**WORK INSTRUCTION**:
Reproduce exactly, from the data that follows, the line with "laundry area with", the line with "Sunset View Of", and every line that lies between them.

**SUPPLIED RECORDS**:
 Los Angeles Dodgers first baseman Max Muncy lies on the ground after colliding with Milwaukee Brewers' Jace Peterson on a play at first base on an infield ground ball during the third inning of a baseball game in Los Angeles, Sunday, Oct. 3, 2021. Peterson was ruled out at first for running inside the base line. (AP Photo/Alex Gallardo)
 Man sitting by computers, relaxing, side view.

...

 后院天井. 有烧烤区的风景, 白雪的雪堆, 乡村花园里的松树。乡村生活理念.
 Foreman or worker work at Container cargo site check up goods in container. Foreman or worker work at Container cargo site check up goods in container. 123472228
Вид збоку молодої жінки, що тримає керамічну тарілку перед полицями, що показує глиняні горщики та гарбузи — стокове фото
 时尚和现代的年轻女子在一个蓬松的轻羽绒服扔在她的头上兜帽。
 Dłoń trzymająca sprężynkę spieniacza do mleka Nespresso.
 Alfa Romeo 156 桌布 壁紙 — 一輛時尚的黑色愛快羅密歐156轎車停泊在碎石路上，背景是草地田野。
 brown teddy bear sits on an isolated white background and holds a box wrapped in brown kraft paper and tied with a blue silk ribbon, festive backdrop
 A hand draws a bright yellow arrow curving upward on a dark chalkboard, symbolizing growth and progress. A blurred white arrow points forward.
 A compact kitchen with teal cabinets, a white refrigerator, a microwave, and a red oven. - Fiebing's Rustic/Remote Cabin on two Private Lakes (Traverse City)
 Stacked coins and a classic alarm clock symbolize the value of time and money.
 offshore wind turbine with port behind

---

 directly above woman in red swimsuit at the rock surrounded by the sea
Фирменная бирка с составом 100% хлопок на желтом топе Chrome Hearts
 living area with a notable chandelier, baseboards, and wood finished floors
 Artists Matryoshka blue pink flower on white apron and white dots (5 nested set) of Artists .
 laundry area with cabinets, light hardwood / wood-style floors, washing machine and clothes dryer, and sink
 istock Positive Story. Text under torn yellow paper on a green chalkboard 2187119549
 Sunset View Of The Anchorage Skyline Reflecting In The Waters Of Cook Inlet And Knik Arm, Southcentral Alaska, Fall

**FINISHED EXERCISE**:
 laundry area with cabinets, light hardwood / wood-style floors, washing machine and clothes dryer, and sink
 istock Positive Story. Text under torn yellow paper on a green chalkboard 2187119549
 Sunset View Of The Anchorage Skyline Reflecting In The Waters Of Cook Inlet And Knik Arm, Southcentral Alaska, Fall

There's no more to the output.